Once the blood is drawn, it is sent to a lab for further testing; blood type, RH factors, and antibodies. Further screening tests are given to check for evidence of infection or viruses. The likelihood of contracting infections from a blood transfusion is very low (varies with the infectious agent from 1 in 350,000 to 1 in 1 million) but can occur.
If you are due to undergo a scheduled blood transfusion and have concerns about the procedure and how you may feel afterward, you could ask your healthcare professional about the possibility of donating your blood before you have the procedure. Pre-operative blood donations are also available to people that are scheduled for surgery in which there is potential to lose blood.
During a blood transfusion, you will be well looked after by the nursing staff.

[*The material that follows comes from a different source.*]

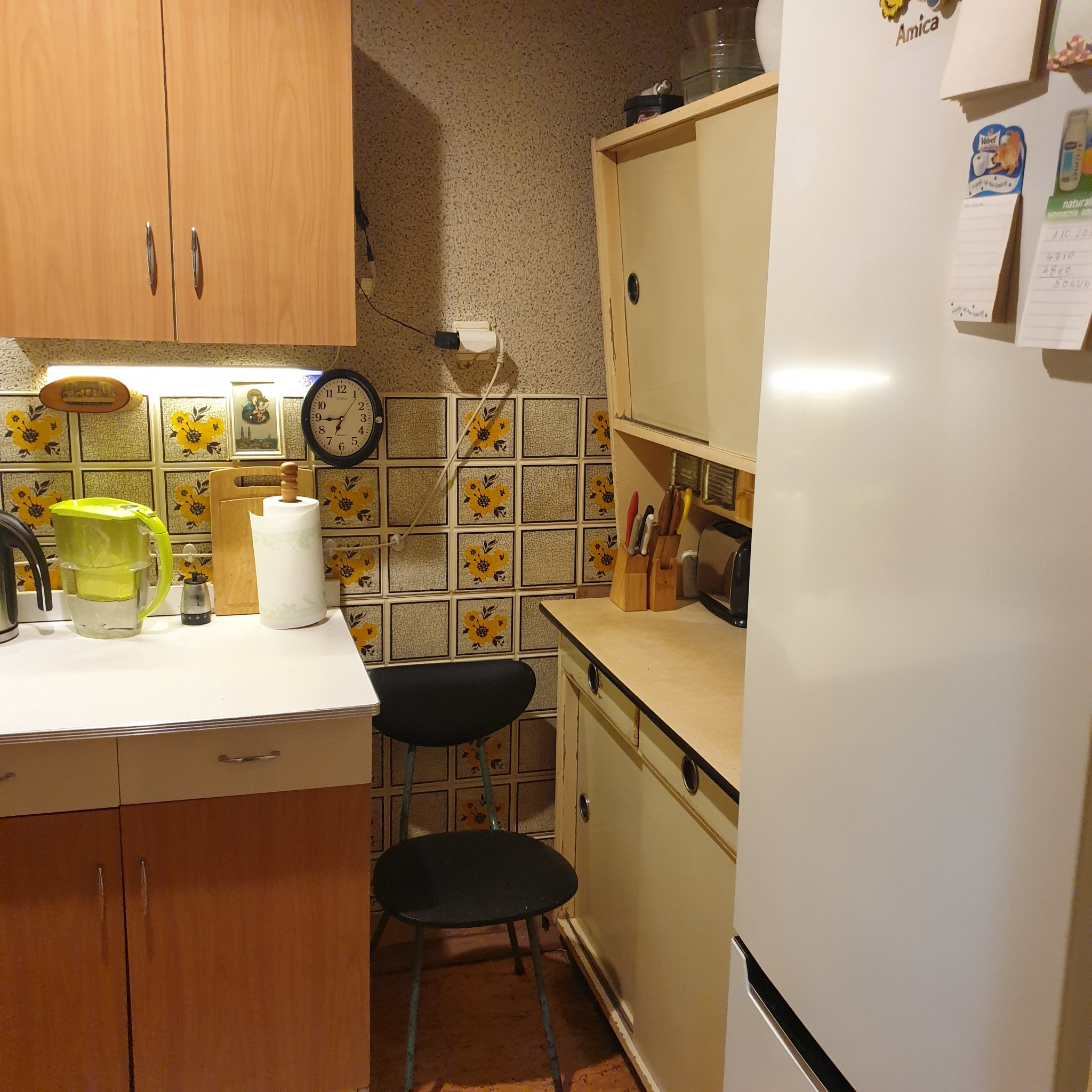 Kuchnia z lat 80-tych z żółtymi kwiatowymi kafelkami, drewnianymi szafkami i białym blatem, na którym stoi filtr do wody, obok stoi czarny stołek i biała lodówka z magnesami.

Before the procedure, make sure you verify your name and date of birth matches with the blood that is going to be transfused. If you feel something is wrong during the procedure, inform the nurses immediately. Although it is uncommon for patients to experience problems during a blood transfusion, some people do experience shortness of breath, itching, chills or fever.
Blood transfusions are life-saving operations and in some cases are unavoidable. The good news is that complications are extremely rare and it should not take long before you start feeling better.